Adhering to those above mentioned rules can only help you improve URL description. You can only do so much with these three, and there is still a lot of work to do in improving URL structure. Descriptive or static URL’s are more SEO friendly, and dynamic ones, even when both are friendly to search engines, can decrease your SEO effort greatly.
Avoid dynamic URLs.
Nobody really knows how Google crawls the web. And how it interprets your signals. However, there are fundamental things you can do to your URLs in order to increase likability.
Rule number 1 is avoiding numbers, punctuations and the like. URL with these kind of writing is called dynamic URLs. In the past few years, Google have been very big on being content- exhaustive for increased user satisfaction, and delivering a descriptive URL is one foundation of the matter.
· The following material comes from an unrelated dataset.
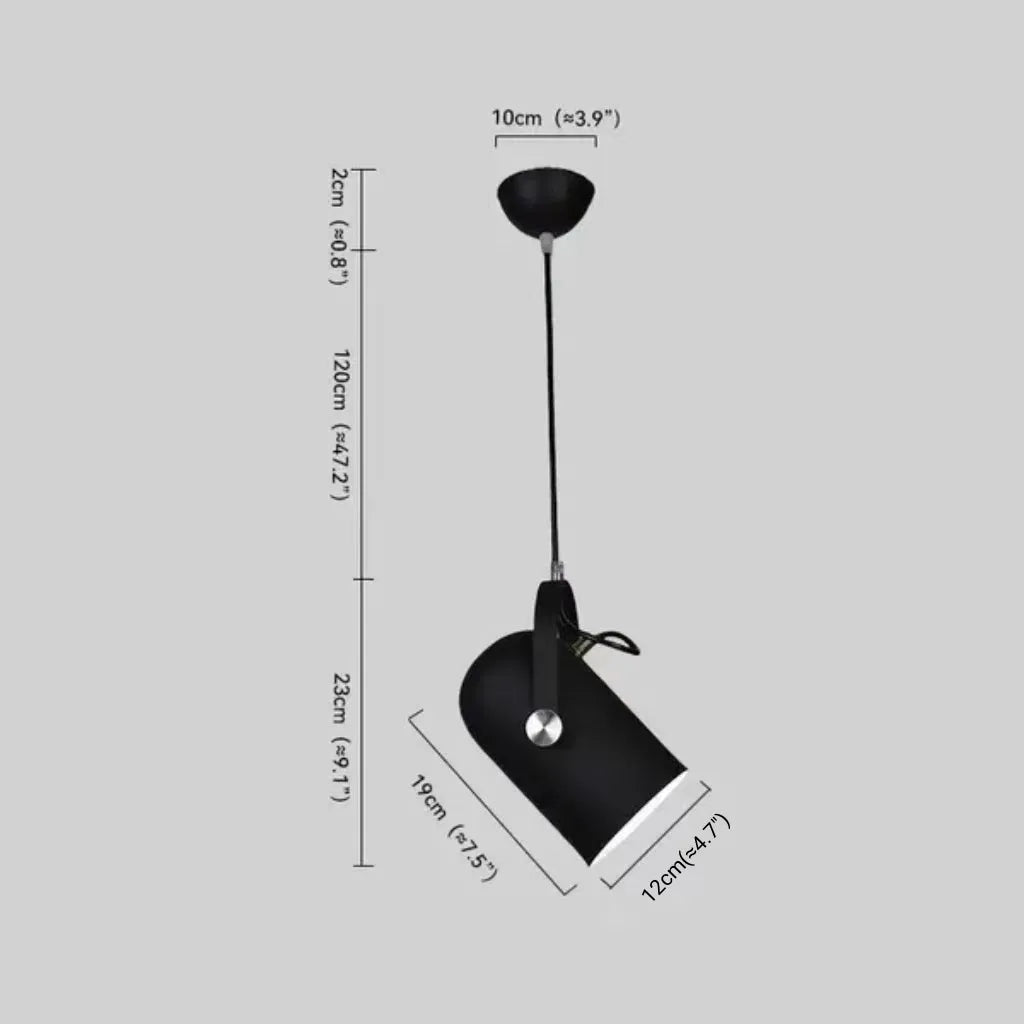 Modern Pendant Light – Angle-Adjustable Metal Fixture for Bedroom - Flindria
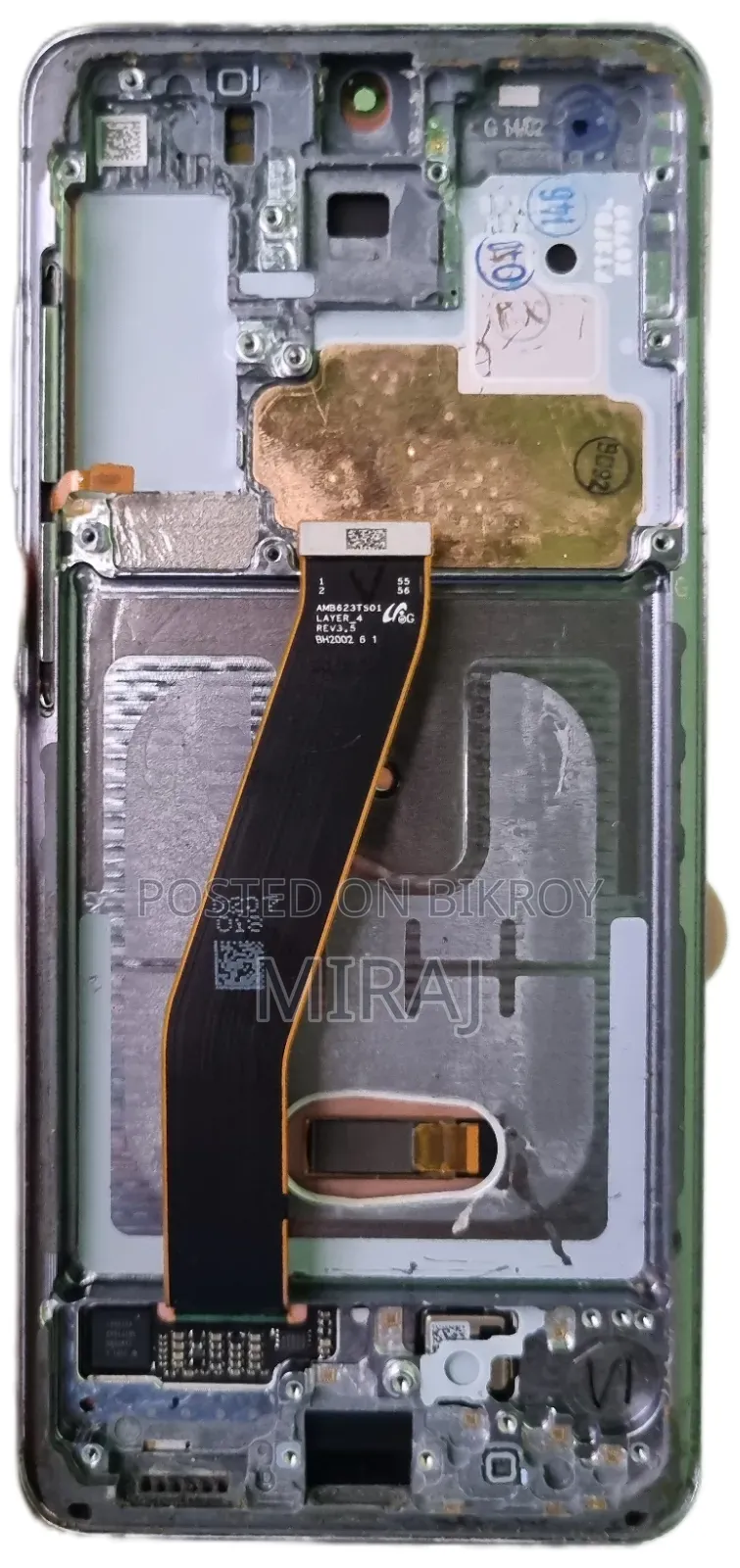 Samsung Galaxy S20 5G Display with Frame for Sale.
In a search engine results page (SERP), there are three elements which Google shows: the Page title, site URL and meta description. This is how you mostly do SEO – focusing on those three.
But that’s only the surface. Under the simplicity of it lies a web of support marketing and advertising – which in turn, makes a page rank on Google.
One part of that support marketing is SEO. And part of SEO is the organisation of your URLs.
Index not the pages not to be indexed.
Say, when your website is constantly updating, Google will be crawling your content every now and then. Make sure that it does not have a hard time doing that.
What you can do is decrease the pages which search engine crawls. Example pages are usually terms and conditions, company profile, and everything else which aren’t of concern to your audience.
When you closed off some of the unimportant pages from Google’s crawl, you make your website friendlier to crawling.
It will remember that effort, and in the right time, it will reward you greatly.
In the end, make a conscious effort to reassess your XML sitemap every now and then. This is important in order for you to access your URLs easily.